Howard Thompson of The New York Times wrote, "It is indeed wild, and often hilarious. But much of it is blandly dull." Gene Siskel of the Chicago Tribune gave the film 3 stars out of 4 and stated, "Television is such a ripe subject for satire that a new comedy film roasts the medium quite well without taking a poke at such natural targets as bigot-led situation comedies, educational kiddie shows, station editorials, or the 'happy-talk' news format." Kevin Thomas of the Los Angeles Times stated, "Silly, sophomoric and scatological 'The Groove Tube' undoubtedly is for much of its 75 minutes.
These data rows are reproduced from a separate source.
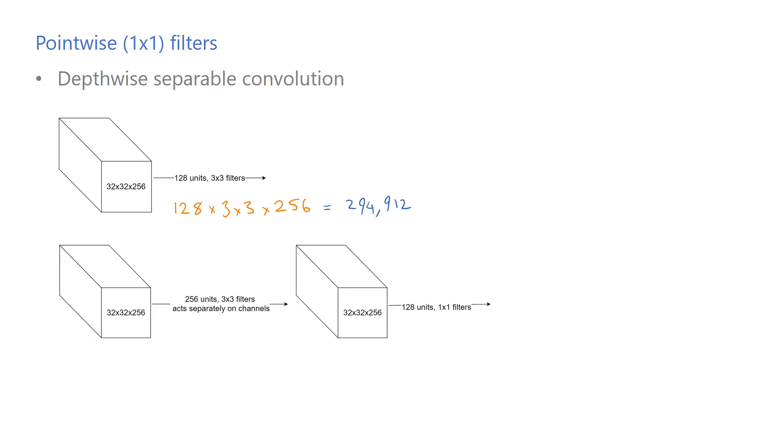Alternatively, we could use 256 filters, each only applied to one channel separately. So the units in the first layer would have 3x3x1 parameters instead of 3x3x256, since each unit acts on only a single channel. Then we can use a pointwise layer to learn cross-channel features and get the same output volume. This would lead to about 35,000 trainable parameters, spatial and pointwise layers combined.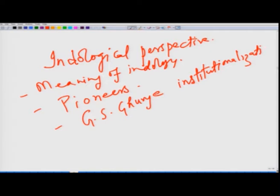There is an intermixing of these issues — Indology gained momentum with the presence of G.S. Ghurye, and the understanding of Ghurye cannot be seen without understanding the Indological perspective. G.S. Ghurye, considered the founding father of Indian sociology, was instrumental in the institutionalization of sociology, trying to institutionalize the presence of sociology in India.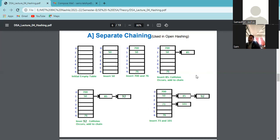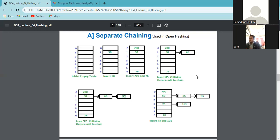For 92: 92 mod 7 = 1, and on index 1 there are already 50 and 85. So a new node is created to insert 92 — this shows how a chain is created and multiple keys can be inserted in a single location of the hash table. For 101: 101 mod 7 = 3, but index 3 already has 72. So a collision occurs and we handle it by creating a chain on location 3. This is how separate chaining works.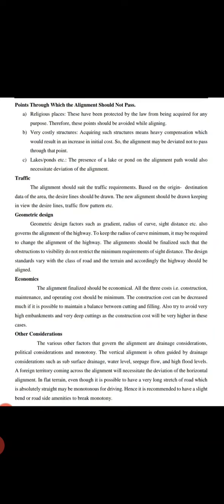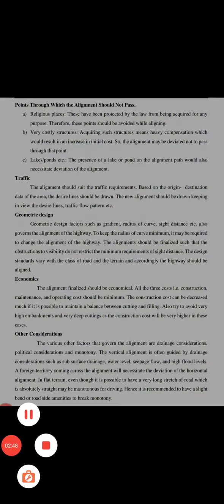Foreign territory coming across the alignment will necessitate divisions of the horizontal alignment. In flat terrain, even though it is possible to have a very long stretch of road which is absolutely straight, it may be monotonous for driving. Therefore, it is recommended to have slight bends in the road to break the monotony.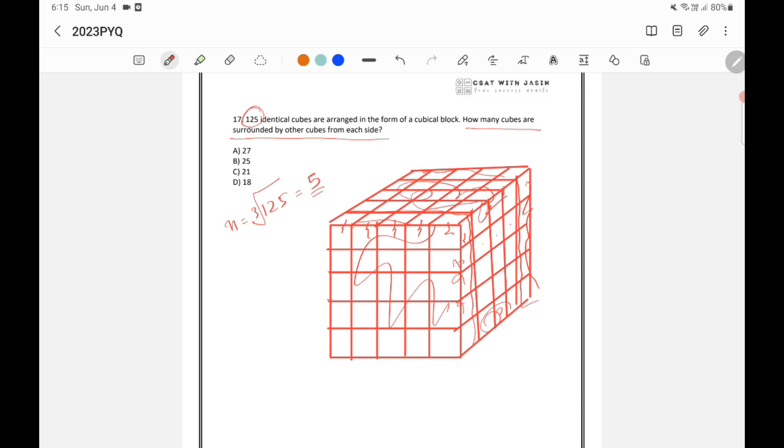So how many will be remaining? 1, 2, 3, 4, 5, 6, 7, 8, 9 inside. Inside means there will be like this. So 9 into 3 will come. 9 into 3 is 27. So this is the answer.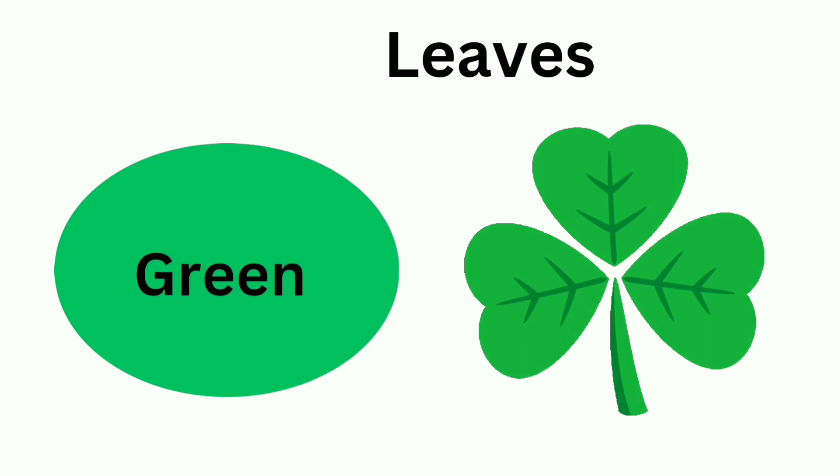These are the leaves. These are green. Green color.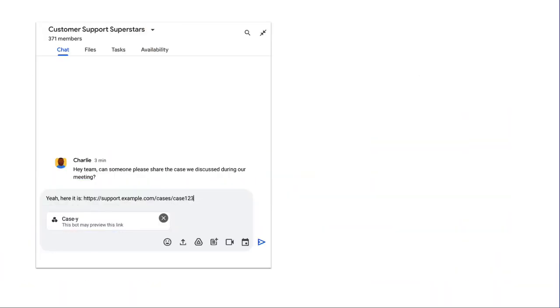With link previewing, you can enable your chat app to preview a link by attaching a card to the user's message. When someone adds a link to the message, a chip appears which lets them know that a chat app might preview the link.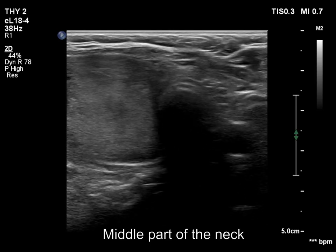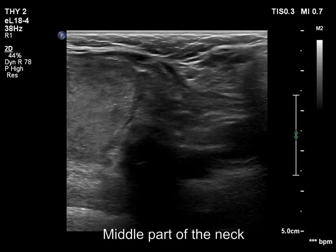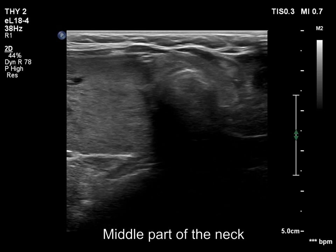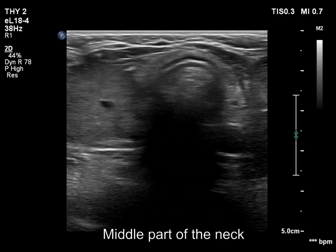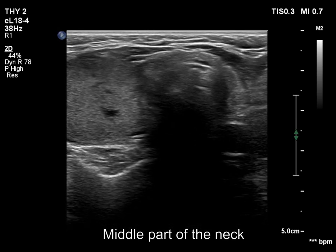Now we check the diameter of the trachea, now at a lower level, and now at the level of the upper third of the thyroid.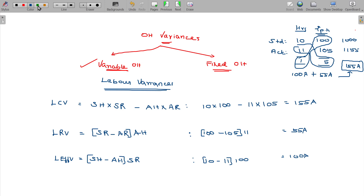When it comes to variable overhead variances, it is very simple. Instead of standard rate, you take standard variable overhead per hour — that is the only change in the formula.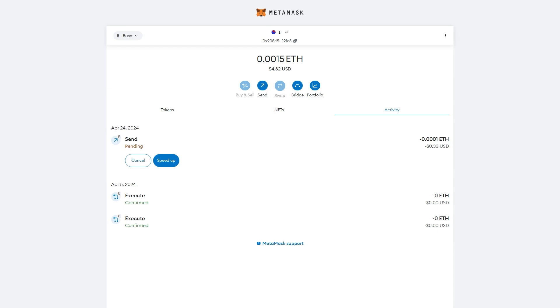So the first thing you want to do is open up MetaMask and we can just head over to this tab which says Activity. Here we'll be able to find the transaction which is pending.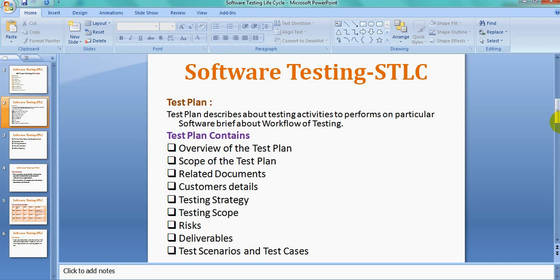The first section is the Overview of the Test Plan, where we describe the purpose of the test plan, the scope, and everything is included in the overview. The scope gives a brief idea about the document being explained in the test plan.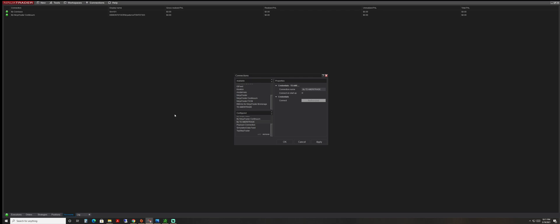Just because you have the NinjaTrader 8 platform doesn't mean that you have to open up a NinjaTrader brokerage account. NinjaTrader does support different brokers, just depending on making sure that NinjaTrader does support that.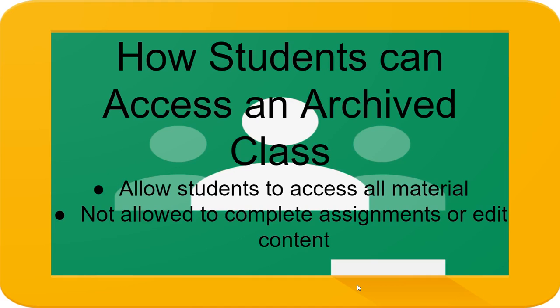This is how you can access an archived class. If your teacher archived a class, it gives you access to all the materials but doesn't allow you to edit or complete assignments.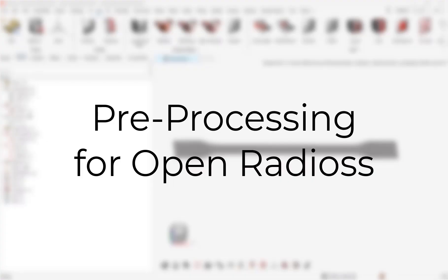In this video, we will review how to run an explicit simulation in OpenRadioss. OpenRadioss is an open source explicit finite element solver. It does not include any preprocessor or post processor.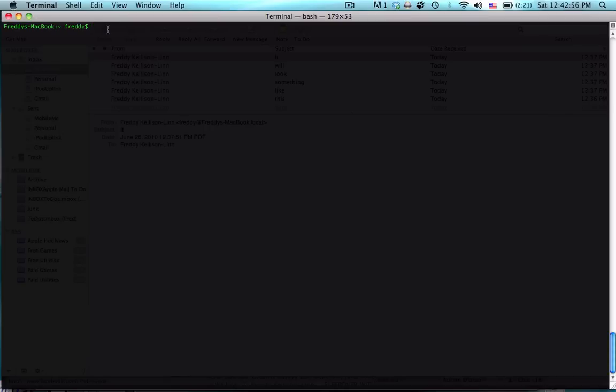So what this is going to allow you to do is, if you see the title, send mail messages from Terminal. All you have to do, it's pretty simple, is type mail and then the email address that you want to send it to. I'm just going to type in mine.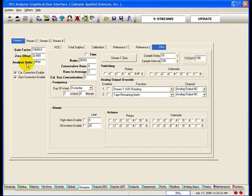The analysis units field allows the user to change the units that are displayed on the screen. This can be any unit the user chooses; the calibration will not change in the zero stream. The CAL correction enabled checkbox must be checked for the calibration run to change the gain factor. If this box is not checked, the calibration run is essentially another reference run.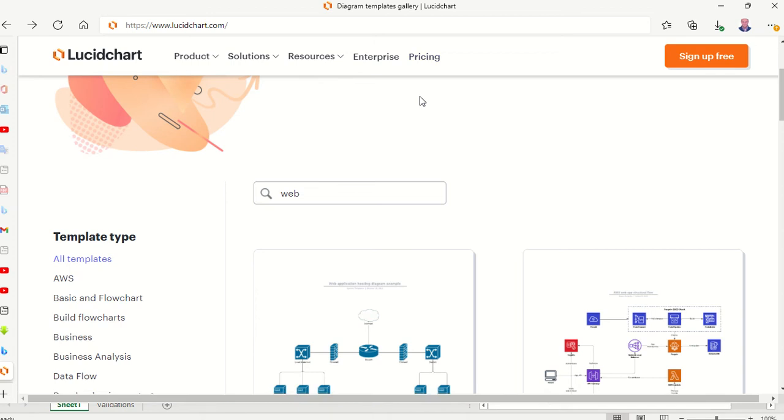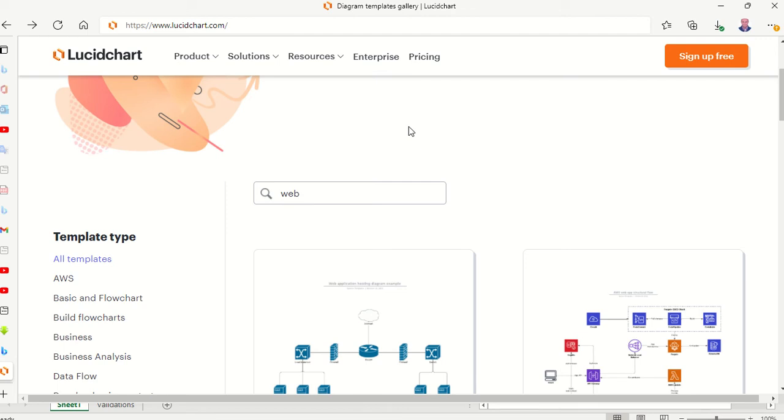Hello, in this video we'll learn how to use Lucidchart to search for flowcharts or any kind of flowchart to start designing a program, software, mobile application, website, static website, or dynamic website.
But so gleeful and zany is it in its sheer outrageousness that the result is virtually nonstop hilarity." John M. Dower of The Washington Post said, "There are sequences in 'The Groove Tube' that are absolutely inspired, and, unfortunately, not describable in a family newspaper; there are others that make you wonder how the same perceptions could think them funny or amusing or even conceivable."

The film was reissued in 1975, 1976 and 1977, and as of July 1, 1977, had grossed $28,572,438.